** TASK MATERIAL **
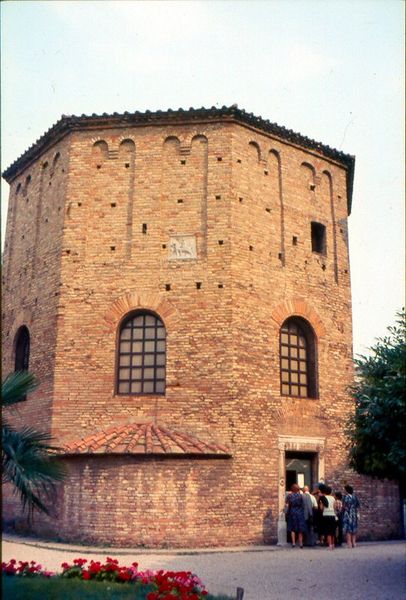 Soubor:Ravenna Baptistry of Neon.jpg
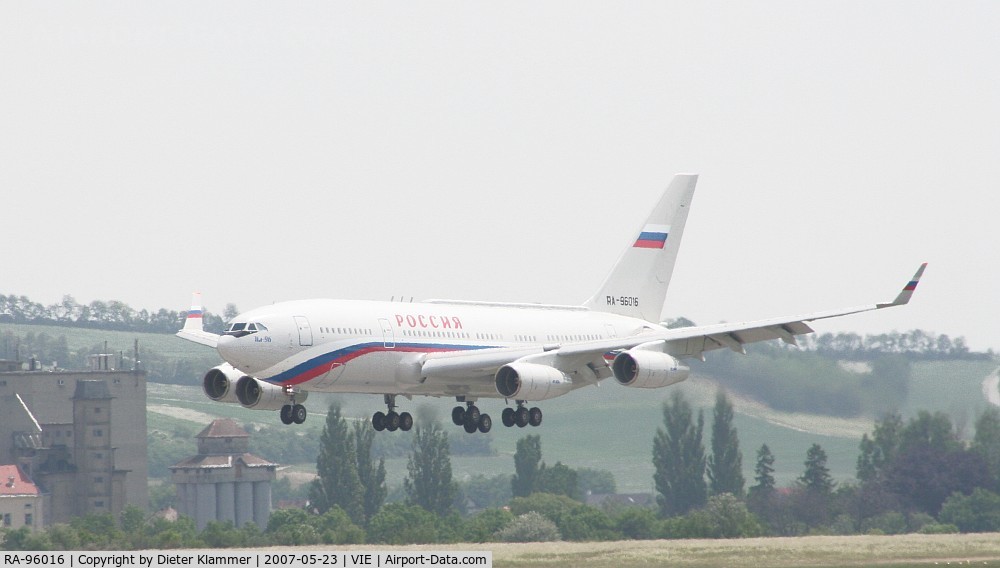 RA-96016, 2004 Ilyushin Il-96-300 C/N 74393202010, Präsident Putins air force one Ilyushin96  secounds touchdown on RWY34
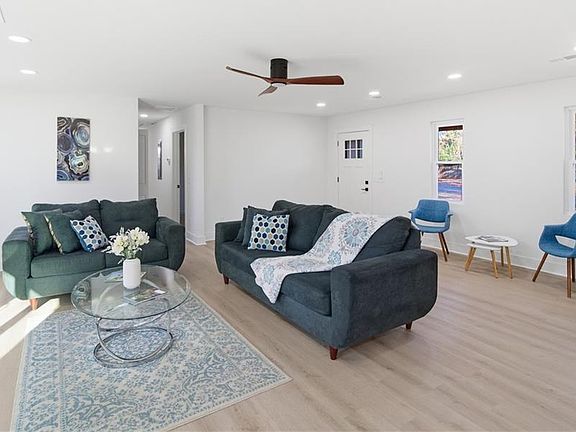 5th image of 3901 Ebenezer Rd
---
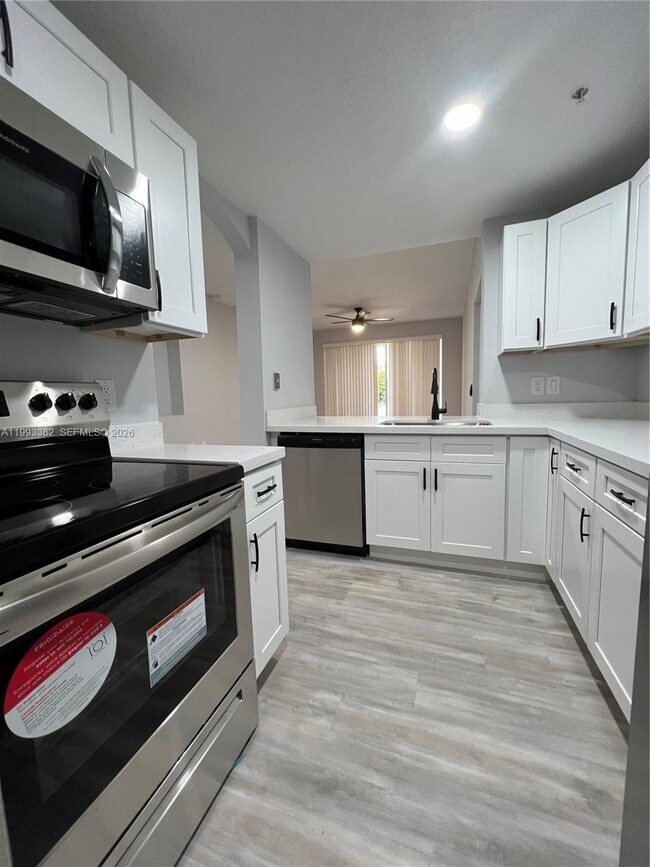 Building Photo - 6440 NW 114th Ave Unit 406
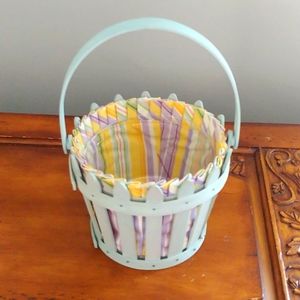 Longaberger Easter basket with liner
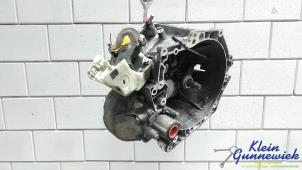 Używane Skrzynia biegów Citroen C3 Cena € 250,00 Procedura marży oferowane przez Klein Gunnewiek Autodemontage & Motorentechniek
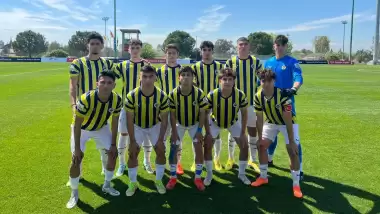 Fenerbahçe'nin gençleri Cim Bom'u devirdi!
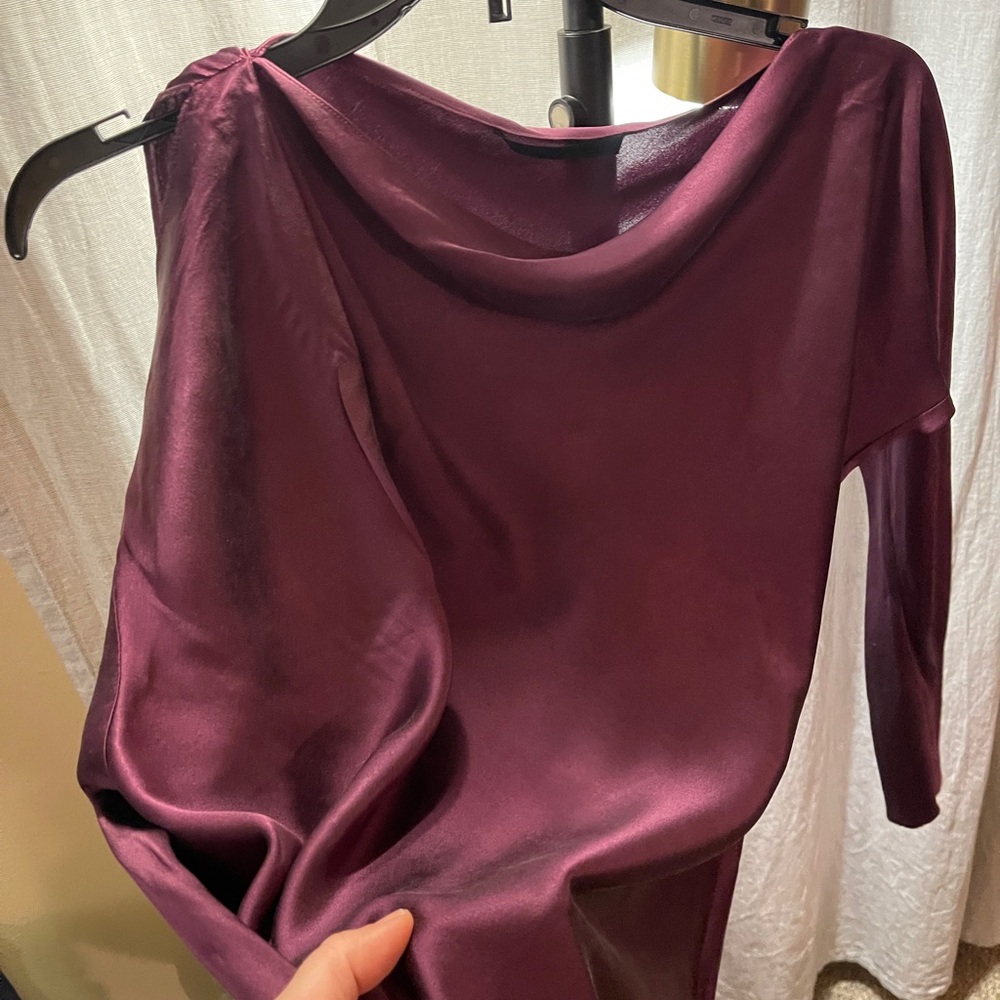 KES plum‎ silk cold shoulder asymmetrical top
==
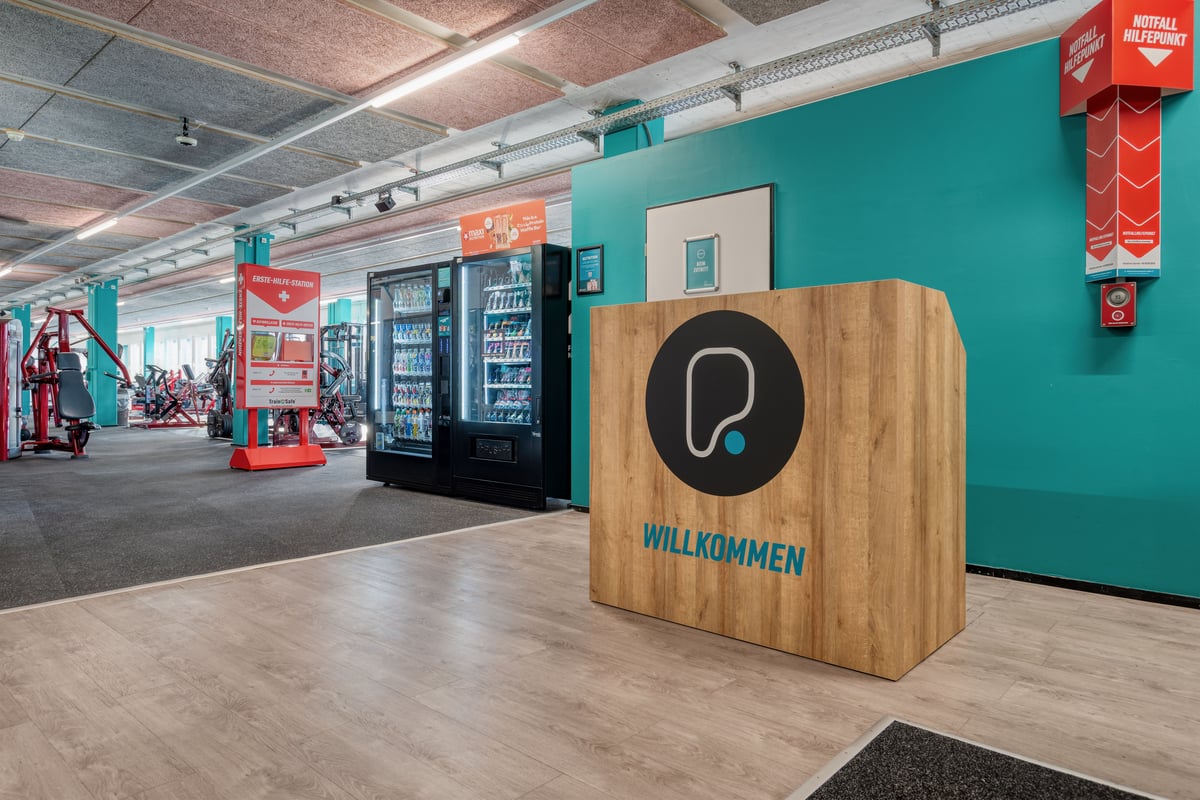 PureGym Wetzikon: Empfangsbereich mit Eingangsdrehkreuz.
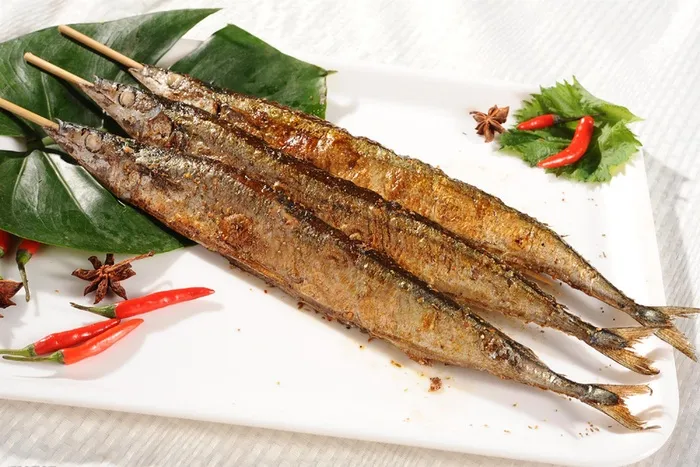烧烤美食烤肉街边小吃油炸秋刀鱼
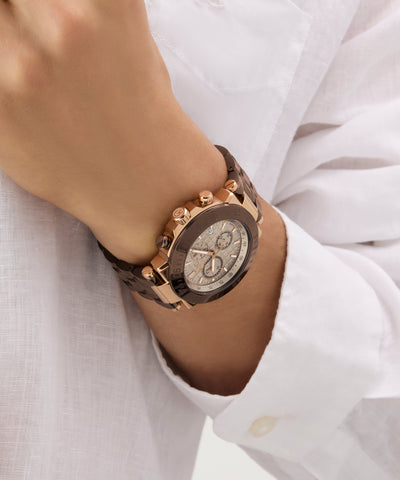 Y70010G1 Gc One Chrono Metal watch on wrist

** WHAT IS EXPECTED **
Look above for the line with "Używane Skrzynia biegów" and the line with "KES plum‎ silk"; set down those two lines and all lines between them exactly, without pictures and without anything else.

** SOLUTION **
 Używane Skrzynia biegów Citroen C3 Cena € 250,00 Procedura marży oferowane przez Klein Gunnewiek Autodemontage & Motorentechniek
 Fenerbahçe'nin gençleri Cim Bom'u devirdi!
 KES plum‎ silk cold shoulder asymmetrical top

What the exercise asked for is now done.